案内された部屋は王宮にいくつかある特別な部屋の一つ。

全ての力を無効化する部屋。

この部屋ではどんな力も意味を持たない。
一部のヴァンパイアを除いて。

侵入者には優しさを見せてはならない。
それは隙をみせるのと同じことだ。

恐怖で支配せよ。
それがヴァンパイアのやり方だ。

リリィの瞳は既に紅くなっている。


ウィルが扉を開けると、中にいた騎士達がいっせいに跪く。

ヴァンパイアの上に立つものの一人としてのリリィの纏うオーラーにみな圧倒される。

「あなたたち、人間ね。何の御用でこちらにいらしたのかしら?」

スッと冷たい視線で三人の人間を見る。

「…」

勿論、人間は何も話さない。

簡単に話すわけないわよね。
それに、そのために私が呼ばれたのだから。

「しょうがないわ。
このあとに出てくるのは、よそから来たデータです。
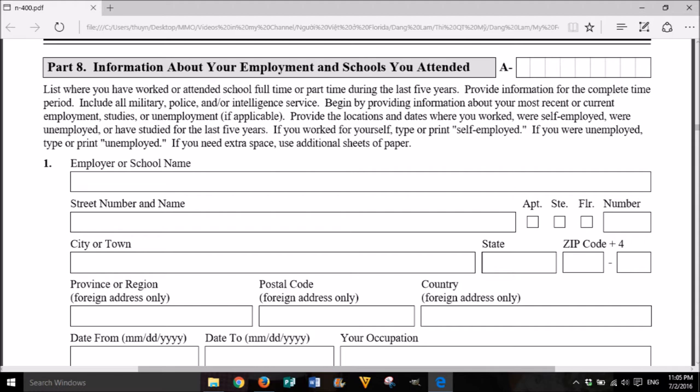1. Employer or school name, street number and name, apartment, suite, floor, number, city or town, state, zip code plus 4, province or region (foreign address only), postal code (foreign address only), country (foreign address only), date from (month, day, year), date to (month, day, year), your occupation.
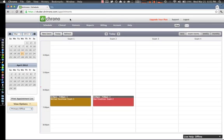Welcome to the Dr. Chrono front office web platform. In this quick tutorial we'll be showing you how to import your patient information.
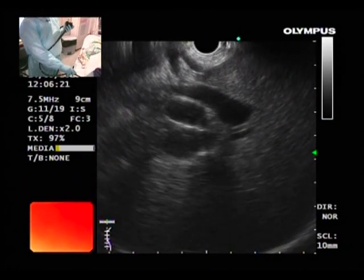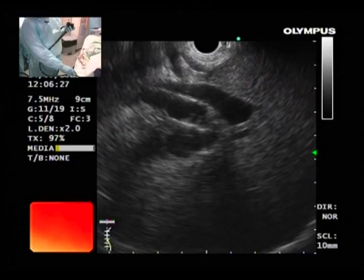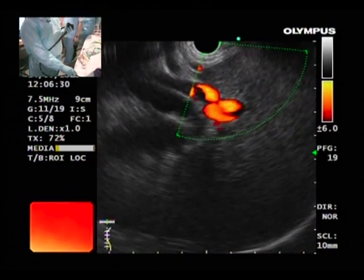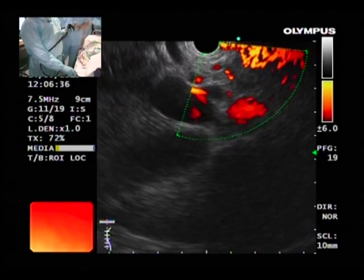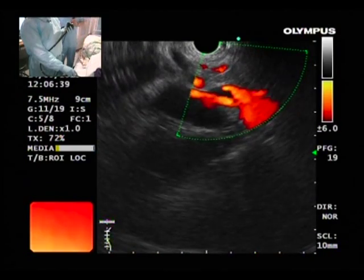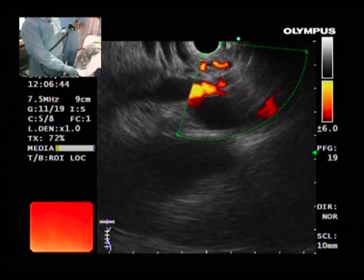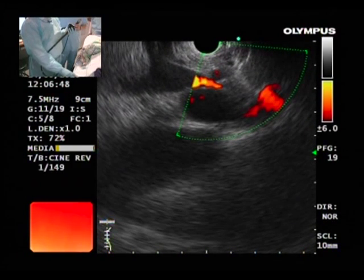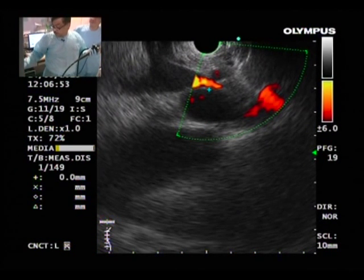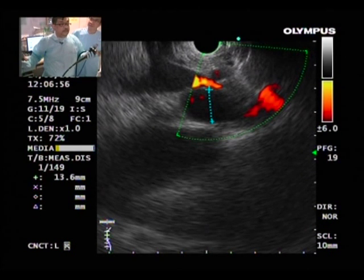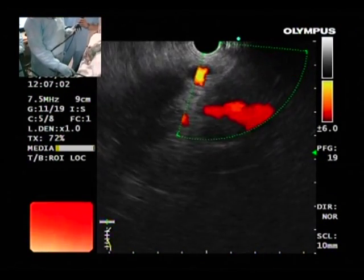If we apply Doppler, we will see the structures at the hilum. That is the portal vein which has lit up. Above that is the hepatic artery — the small narrow structure. Below it, the hugely dilated structure is the common hepatic duct, not CBD. Measuring it here — it is 13.6 millimeters. So it is a dilated bile duct. This is what we see anteriorly.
話しなさい」

リリィの瞳が一瞬、さらに真紅に輝く。

するとその瞳に見つめられた人間の一人が話し始める。

「おれたちはめいれいされた」
「それは誰に?」

喋ってる本人はなぜ自分の口が動いているのか理解していない。

無理矢理口を手で押さえようとするも口は動き続ける。

「しらない。かねをやるからキュウケツキのヒメをさらえといわれた」

人間がそう言った瞬間ウィルが私の前に立ちはだかり、剣の先が人間に向けられる。